**EXERCISE REQUIREMENTS:** Starting at the line below that contains "Line drawn mountain" and ending at the line that contains "Only Kadın Onlsophıa", retype each line exactly as it stands, but omit the pictures.

**MATERIAL PROVIDED:**
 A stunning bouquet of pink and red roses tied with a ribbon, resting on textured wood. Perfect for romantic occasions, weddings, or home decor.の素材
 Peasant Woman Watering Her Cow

--

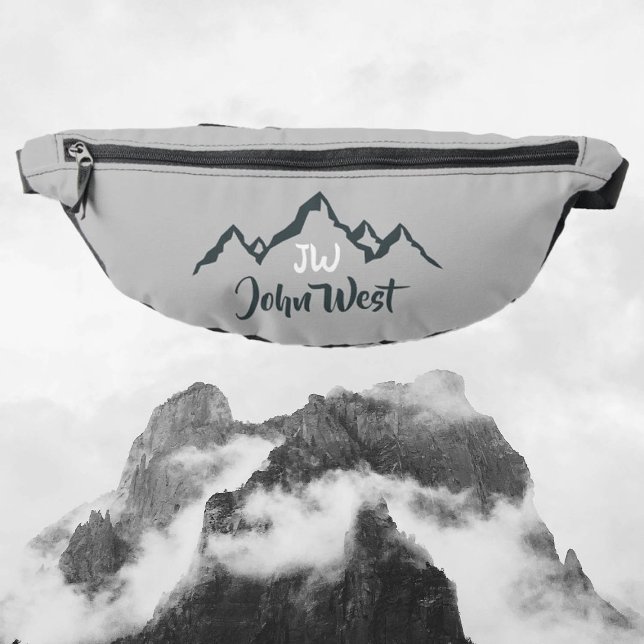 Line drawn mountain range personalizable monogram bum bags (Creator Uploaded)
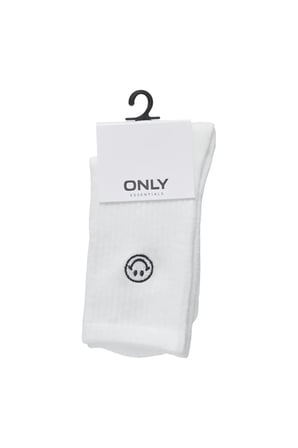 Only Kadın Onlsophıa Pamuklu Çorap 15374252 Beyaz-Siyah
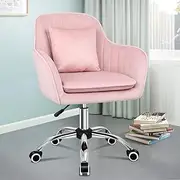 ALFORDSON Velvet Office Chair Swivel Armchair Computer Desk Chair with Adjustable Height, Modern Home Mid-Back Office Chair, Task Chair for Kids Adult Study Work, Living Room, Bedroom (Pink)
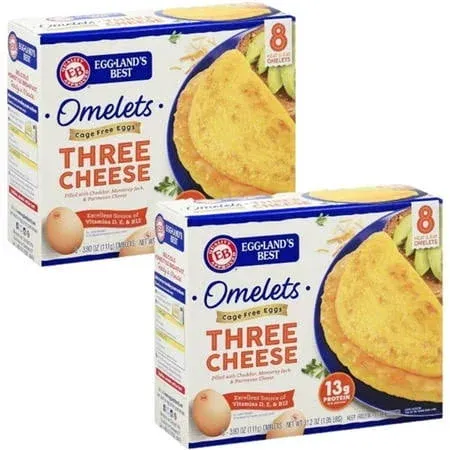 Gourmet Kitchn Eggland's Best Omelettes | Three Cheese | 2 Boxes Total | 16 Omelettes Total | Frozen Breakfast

---

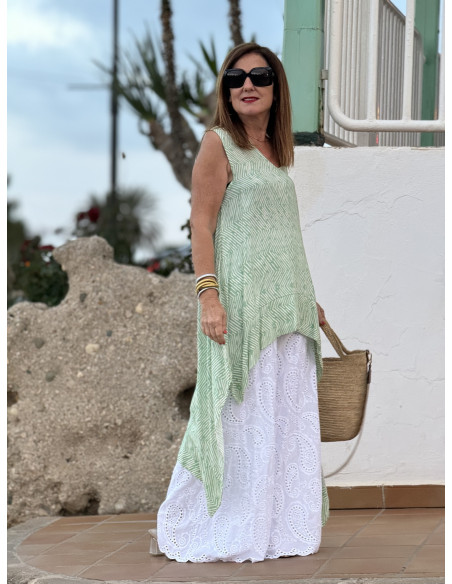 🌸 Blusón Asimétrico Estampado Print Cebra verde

**TASK ANSWER:**
 Line drawn mountain range personalizable monogram bum bags (Creator Uploaded)
 Only Kadın Onlsophıa Pamuklu Çorap 15374252 Beyaz-Siyah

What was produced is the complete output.